Savage 110 trigger adjustment?

gashogford

New member
Does anybody know how to adjust these triggers? This is not a accu triggerthough --just the standard one. It's pretty rough out of the box. Should of bought the accu trigger!But on a light note this thing can shoot ohhhh my!!!
 
In my opinion , the best advice would be to look into an aftermarket trigger . Rifle Basix , Sharp Shooters , ans Timney all make replacement triggers for the Savage rifles . I have used all three of these and they are all a bunch better than factory triggers . Not a big investment either . All are pretty easy to install .
 
How handy are you? Most bolt action triggers are pretty easy to disassemble and a little stoning can do wonders just smooth out he rough edges and tooling marks.
 
I'm not sure if the 110s are the same as the 112s but if they are, be careful. If you adjust 112s incorrectly, they will fire when you clicked the safety off, after pulling the trigger with it on. Just proceed with caution, I like the idea of an aftermarket, you'll be glad you spent the money. Just my 2 cents.
 
My 2 boys have the Stevens 200 Models and I was able to get theirs down below 2 pounds using a fine diamond stone followed by an ultra fine ceramic stone, following the instructions on the savage site. Always test them afterwards to make sure they won't fire when dropped or with the safety on. They are very smooth and predictable now.
 
Take it to a gunsmith!!! If you don't feel 100% confident about doing it-- could avoid an accidental discharge. I have an accu-trigger and it is sweet and easy to adjust by the user. I don't think it can be installed on your rifle without stock work though. Good Luck
 
When I purchased a Model 11 back in 2000 the trigger was one of the first issues I tackled. I learned that the safety button also has to be modified to be sure you have a working safety on the rifle.
I also heard that the Savage trigger sear is made from Sintered metal. That is metal particals molded with a resin for ease and cost effectiveness. I don't know if Savage really uses this process for their triggers, though. What I was told is that if you file down the outer layer of Sintered metal the hardness is gone and it may wear excessively after that. Anyone have the scoop on this? Mine is still working fine at about 3 lbs.
 
Quote:
I'm not sure if the 110s are the same as the 112s but if they are, be careful. If you adjust 112s incorrectly, they will fire when you clicked the safety off, after pulling the trigger with it on. Just proceed with caution, I like the idea of an aftermarket, you'll be glad you spent the money. Just my 2 cents.

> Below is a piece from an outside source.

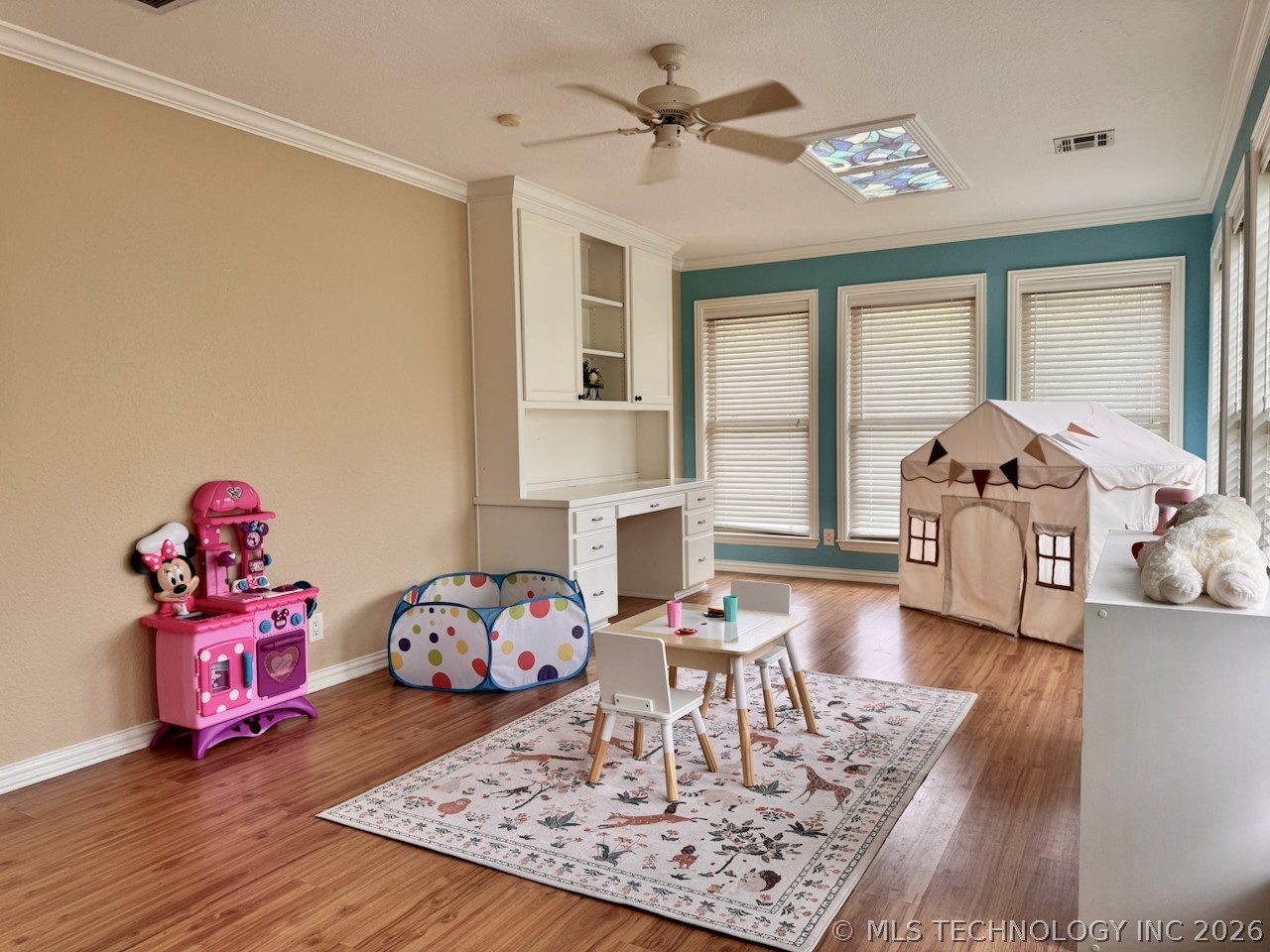 575 Majestic Hills Property Photo 16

The 110's are like the 112's & this man is very correct about being careful. I have a 7mm that you had better not touch the trigger & then click off the safety. I have since stiffened it back up a little, you can easily adjust it just be careful they're touchy!
 
Never stone or file a Savage trigger. It only destroys them. They have a soft slick coating that helps the soft underlying steel. You stone or file the coating off,and it will be worse than before. If you read on the savage trigger job page,***the guy warns of destroying the trigger.
If you do the best trigger job and it does inprove the pull/smoothness,it will be short lived. jerryboy
 
Jerry,
I have to disagree with it soon becoming worse than before after stoning. I realized that filing/stoning the system may be perilous before I started (6 years ago) but I proceeded with caution and decided to replace if it didn't work out. It did work out very well and after at least 1000 trigger pulls later it is still a good trigger, safe and smooth. I used Brownell's Mold Release spray on the parts as it is a dry lube. Before deeming it complete I used a leather mallet and beat hard on the action cocked, uncocked, cocked with satefy on and cocked with safety off. Then I slamed the butt stock down hard a few times to insure a misfire wasn't in the waiting.
I did ruin the first safety mechanism by breaking it. It was replaced. The square edge of the safety switch must be rounded off where it engages the other parts of the trigger assembly or it will (1. not slide past them or (2. allow the firing pin to fire after the safety is disengauged if the trigger is pulled while the safety is on. That is NOT AN ACCEPTABLE TRIGGER ON ANY RIFLE!
I tried lightening and smoothing the trigger system by lessening the spring tension alone but that would not work to my standards. After careful study the task of stoning was started (not my first trigger job) and I am happy with the way it turned out. I am willing to admit that should the parts become worn and unsatisfactory the assembly will be replaced. That doesn't seem to be a problem at this time. I would like to know if Savage does use Sintered Metal moldings in these assemblys, though.
Gashogford,
An after market trigger is probably the best way to go for the new gun owner.
Now that the Accutrigger is standard on all Savages this is a mute point. Unfortunately Stevens are not that way. It would be best to buy a Savage with the Accutrigger and forget the Stevens. You won't be saving any money in the long run.